Sandy Relief Left Stranded by the House of Representatives

UPDATE (01/03): After facing intense pressure, Boehner has agreed to schedule a vote for Sandy aid. Read more here.

These days nothing gets through Congress easily, even when the need is so great. We can expect some in Congress to resist releasing funds to rebuild the East Coast stronger than before, but they should be reminded that protecting our communities is the core function of our government.  Now is the chance to use our resources in ways that will allow us to grow and thrive for generations to come.

This is how I ended a blog post written nearly three weeks ago analyzing a Senate bill that would funnel $60 billion in relief to the states affected by Superstorm Sandy. This was legislation that would provide funding for coastal restoration and other activities to prevent and mitigate damage from future storms like Sandy.

The bill would provide funding for things like:

  • Hydrographic surveys and Light Detection and Ranging (LIDAR) imaging to remap our shorelines and identify risks and coastal vulnerabilities
  • Coordinated planning and strategy at the community, state, and regional level that shares best practices and determine the best mix of “grey” (i.e. sea walls) and “natural” (i.e. wetlands) infrastructure so that rebuilding efforts also better prepare communities for future challenges
  • Habitat restoration and coastal land conservation to support healthy ecosystems while also providing buffers and protect communities from future extreme weather.

As I noted then, funding storm mitigation is a good investment, as Federal Emergency Management Agency (FEMA) funded research has shown that each $1 invested in mitigation provides the nation $4 in future benefits.

While the Senate was able to pass the Sandy relief bill, even while embroiled in negotiations over the fiscal cliff, the House failed to even take up the measure before the close of this Congress, despite assurances from leadership that it would consider the bill.

Because this failure comes at the end of the current Congress, lawmakers won’t simply be able to pick up where they left off and finish the bill. No, a new Congress means new members, which means new bills must be drafted, and a new round of delays for the victims of Hurricane Sandy will be incurred.
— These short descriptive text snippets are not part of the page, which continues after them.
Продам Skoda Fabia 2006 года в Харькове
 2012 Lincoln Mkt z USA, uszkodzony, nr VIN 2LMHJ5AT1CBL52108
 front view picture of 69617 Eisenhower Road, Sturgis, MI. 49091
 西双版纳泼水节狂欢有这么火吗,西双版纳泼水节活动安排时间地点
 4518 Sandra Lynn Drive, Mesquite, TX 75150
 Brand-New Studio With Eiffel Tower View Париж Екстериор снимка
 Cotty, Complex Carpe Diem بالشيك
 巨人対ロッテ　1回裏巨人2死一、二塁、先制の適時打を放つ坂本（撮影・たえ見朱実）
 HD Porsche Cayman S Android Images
This failure in the House of Representatives has rightly incensed the congressional delegations from New York and New Jersey and New Jersey Governor Chris Christie (R). So much so, that Rep. Peter King, R-NY, has called on New York and New Jersey donors to withhold donations to House Republicans – King’s own party – until the Sandy bill is passed.

For our part, pushing this vital legislation will be at the top of Ocean Conservancy’s legislative priorities as we welcome the 113th Congress.